__Task to carry out__. Of the entries below, restate word for word only the section that runs from the line with "Arrest: The incident" to the line with "Fisher-Price Little People", counting both ends.

__Given records__.
========================

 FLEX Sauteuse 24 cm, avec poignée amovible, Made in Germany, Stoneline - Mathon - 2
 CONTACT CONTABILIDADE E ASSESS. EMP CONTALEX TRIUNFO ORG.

========================

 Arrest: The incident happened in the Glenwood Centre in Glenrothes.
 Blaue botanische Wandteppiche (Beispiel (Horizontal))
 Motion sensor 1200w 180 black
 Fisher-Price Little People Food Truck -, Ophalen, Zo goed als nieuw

========================

__Answer to this problem__.
 Arrest: The incident happened in the Glenwood Centre in Glenrothes.
 Blaue botanische Wandteppiche (Beispiel (Horizontal))
 Motion sensor 1200w 180 black
 Fisher-Price Little People Food Truck -, Ophalen, Zo goed als nieuw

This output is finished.